#### Directions for this task:
Down to the last line, reproduce the records exactly.

___ Exercise data

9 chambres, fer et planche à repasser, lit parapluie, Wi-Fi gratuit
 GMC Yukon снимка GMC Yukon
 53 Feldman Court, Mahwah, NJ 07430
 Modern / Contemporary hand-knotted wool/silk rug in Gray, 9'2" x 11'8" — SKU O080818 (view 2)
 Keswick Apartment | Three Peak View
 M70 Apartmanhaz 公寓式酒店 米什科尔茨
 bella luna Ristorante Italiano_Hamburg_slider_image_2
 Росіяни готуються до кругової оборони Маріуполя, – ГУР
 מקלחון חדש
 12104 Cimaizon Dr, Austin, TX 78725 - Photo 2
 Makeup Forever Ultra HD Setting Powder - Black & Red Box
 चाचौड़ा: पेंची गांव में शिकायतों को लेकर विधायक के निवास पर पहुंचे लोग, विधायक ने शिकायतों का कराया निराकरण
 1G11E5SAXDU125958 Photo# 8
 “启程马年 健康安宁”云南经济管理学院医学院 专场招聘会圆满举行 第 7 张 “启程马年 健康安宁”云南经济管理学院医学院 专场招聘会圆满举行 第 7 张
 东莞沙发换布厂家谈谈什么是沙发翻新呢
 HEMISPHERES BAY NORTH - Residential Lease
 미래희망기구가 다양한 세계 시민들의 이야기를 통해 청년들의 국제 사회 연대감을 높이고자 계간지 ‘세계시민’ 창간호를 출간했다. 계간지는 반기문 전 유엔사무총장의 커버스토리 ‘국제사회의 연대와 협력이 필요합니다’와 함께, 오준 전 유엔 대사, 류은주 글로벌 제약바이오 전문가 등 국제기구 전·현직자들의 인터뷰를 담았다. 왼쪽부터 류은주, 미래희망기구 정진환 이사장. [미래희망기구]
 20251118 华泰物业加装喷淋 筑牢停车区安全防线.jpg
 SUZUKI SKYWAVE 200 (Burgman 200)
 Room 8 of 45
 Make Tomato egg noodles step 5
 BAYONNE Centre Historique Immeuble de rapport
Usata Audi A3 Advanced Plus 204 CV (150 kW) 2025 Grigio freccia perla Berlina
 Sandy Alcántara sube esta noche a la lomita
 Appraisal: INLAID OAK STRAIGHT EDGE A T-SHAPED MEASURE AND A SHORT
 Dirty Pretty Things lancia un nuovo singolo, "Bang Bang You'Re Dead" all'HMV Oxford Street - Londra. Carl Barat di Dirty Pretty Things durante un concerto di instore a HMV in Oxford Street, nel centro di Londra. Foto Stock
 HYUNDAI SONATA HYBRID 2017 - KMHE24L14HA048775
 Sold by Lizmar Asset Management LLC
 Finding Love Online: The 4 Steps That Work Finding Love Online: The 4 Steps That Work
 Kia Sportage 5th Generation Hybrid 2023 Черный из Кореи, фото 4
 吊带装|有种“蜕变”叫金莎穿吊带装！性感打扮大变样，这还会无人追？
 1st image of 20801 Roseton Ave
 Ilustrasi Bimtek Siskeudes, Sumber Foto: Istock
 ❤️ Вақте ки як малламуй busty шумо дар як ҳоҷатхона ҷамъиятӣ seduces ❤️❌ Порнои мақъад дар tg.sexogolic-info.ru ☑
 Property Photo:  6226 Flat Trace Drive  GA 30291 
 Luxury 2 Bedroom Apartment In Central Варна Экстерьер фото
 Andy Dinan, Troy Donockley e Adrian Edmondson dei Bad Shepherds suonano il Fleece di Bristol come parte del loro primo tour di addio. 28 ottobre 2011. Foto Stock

______

#### Written response:
9 chambres, fer et planche à repasser, lit parapluie, Wi-Fi gratuit
 GMC Yukon снимка GMC Yukon
 53 Feldman Court, Mahwah, NJ 07430
 Modern / Contemporary hand-knotted wool/silk rug in Gray, 9'2" x 11'8" — SKU O080818 (view 2)
 Keswick Apartment | Three Peak View
 M70 Apartmanhaz 公寓式酒店 米什科尔茨
 bella luna Ristorante Italiano_Hamburg_slider_image_2
 Росіяни готуються до кругової оборони Маріуполя, – ГУР
 מקלחון חדש
 12104 Cimaizon Dr, Austin, TX 78725 - Photo 2
 Makeup Forever Ultra HD Setting Powder - Black & Red Box
 चाचौड़ा: पेंची गांव में शिकायतों को लेकर विधायक के निवास पर पहुंचे लोग, विधायक ने शिकायतों का कराया निराकरण
 1G11E5SAXDU125958 Photo# 8
 “启程马年 健康安宁”云南经济管理学院医学院 专场招聘会圆满举行 第 7 张 “启程马年 健康安宁”云南经济管理学院医学院 专场招聘会圆满举行 第 7 张
 东莞沙发换布厂家谈谈什么是沙发翻新呢
 HEMISPHERES BAY NORTH - Residential Lease
 미래희망기구가 다양한 세계 시민들의 이야기를 통해 청년들의 국제 사회 연대감을 높이고자 계간지 ‘세계시민’ 창간호를 출간했다. 계간지는 반기문 전 유엔사무총장의 커버스토리 ‘국제사회의 연대와 협력이 필요합니다’와 함께, 오준 전 유엔 대사, 류은주 글로벌 제약바이오 전문가 등 국제기구 전·현직자들의 인터뷰를 담았다. 왼쪽부터 류은주, 미래희망기구 정진환 이사장. [미래희망기구]
 20251118 华泰物业加装喷淋 筑牢停车区安全防线.jpg
 SUZUKI SKYWAVE 200 (Burgman 200)
 Room 8 of 45
 Make Tomato egg noodles step 5
 BAYONNE Centre Historique Immeuble de rapport
Usata Audi A3 Advanced Plus 204 CV (150 kW) 2025 Grigio freccia perla Berlina
 Sandy Alcántara sube esta noche a la lomita
 Appraisal: INLAID OAK STRAIGHT EDGE A T-SHAPED MEASURE AND A SHORT
 Dirty Pretty Things lancia un nuovo singolo, "Bang Bang You'Re Dead" all'HMV Oxford Street - Londra. Carl Barat di Dirty Pretty Things durante un concerto di instore a HMV in Oxford Street, nel centro di Londra. Foto Stock
 HYUNDAI SONATA HYBRID 2017 - KMHE24L14HA048775
 Sold by Lizmar Asset Management LLC
 Finding Love Online: The 4 Steps That Work Finding Love Online: The 4 Steps That Work
 Kia Sportage 5th Generation Hybrid 2023 Черный из Кореи, фото 4
 吊带装|有种“蜕变”叫金莎穿吊带装！性感打扮大变样，这还会无人追？
 1st image of 20801 Roseton Ave
 Ilustrasi Bimtek Siskeudes, Sumber Foto: Istock
 ❤️ Вақте ки як малламуй busty шумо дар як ҳоҷатхона ҷамъиятӣ seduces ❤️❌ Порнои мақъад дар tg.sexogolic-info.ru ☑
 Property Photo:  6226 Flat Trace Drive  GA 30291 
 Luxury 2 Bedroom Apartment In Central Варна Экстерьер фото
 Andy Dinan, Troy Donockley e Adrian Edmondson dei Bad Shepherds suonano il Fleece di Bristol come parte del loro primo tour di addio. 28 ottobre 2011. Foto Stock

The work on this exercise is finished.